• [THE DATA]:
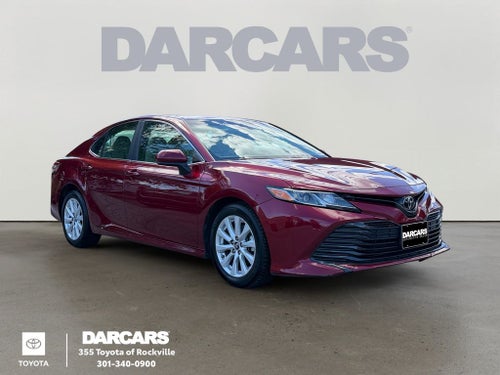 2018 Toyota Camry LE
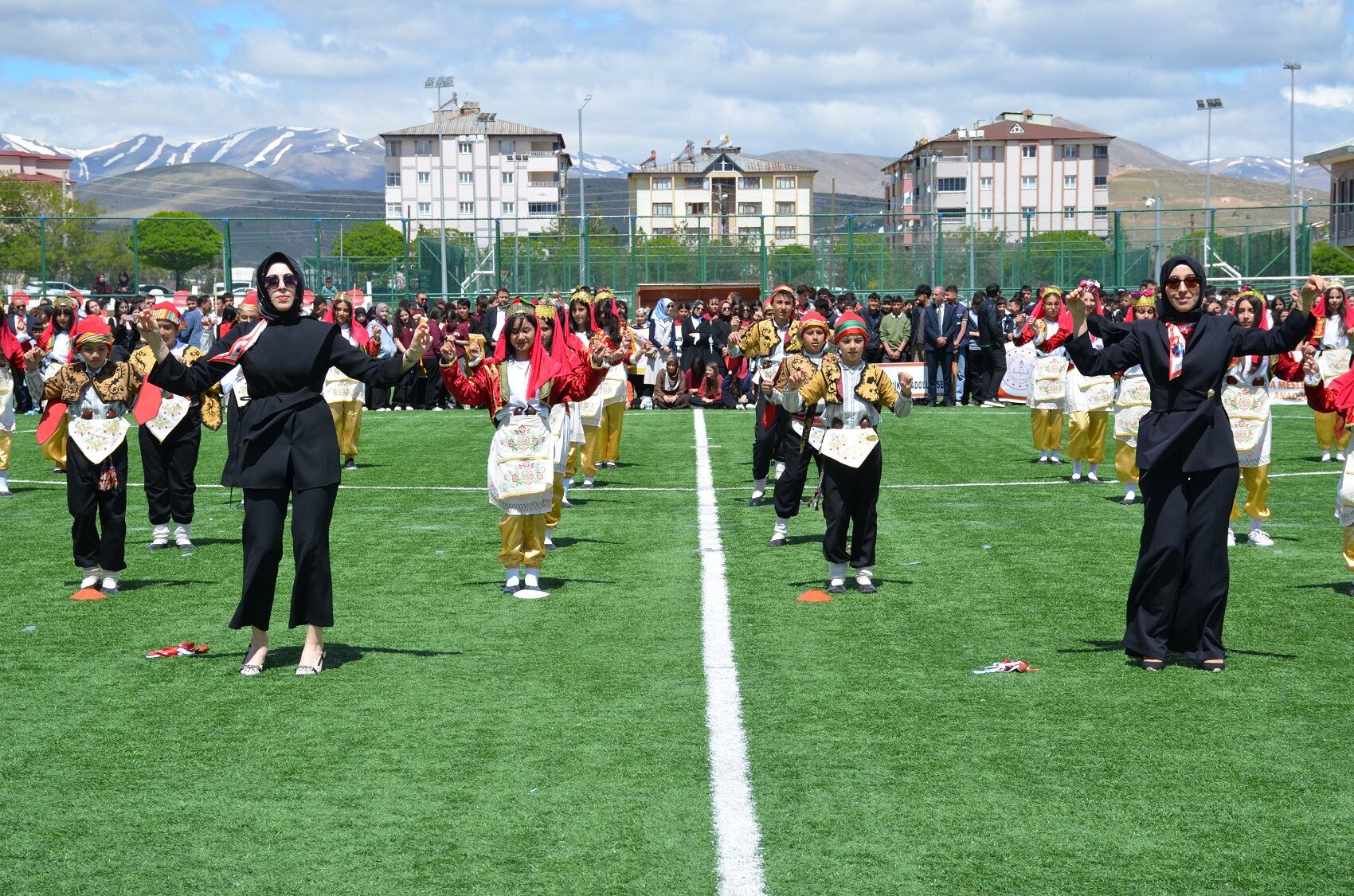 Afşin’de 19 Mayıs Coşkuyla Kutlandı (3)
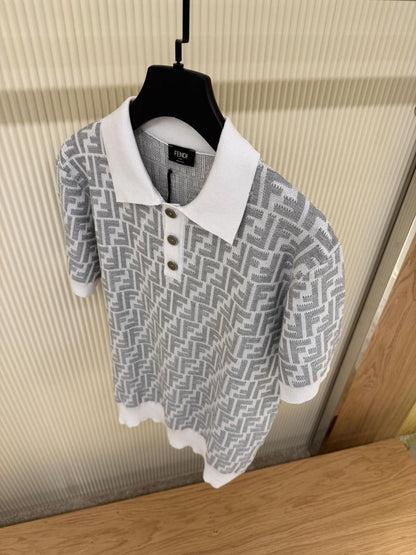 Fendi Polo Shirt 5 Color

• [EXERCISE BRIEF]:
Copy out the lines above in full and unaltered, apart from the pictures.

• [THE COMPLETED TASK]:
 2018 Toyota Camry LE
 Afşin’de 19 Mayıs Coşkuyla Kutlandı (3)
 Fendi Polo Shirt 5 Color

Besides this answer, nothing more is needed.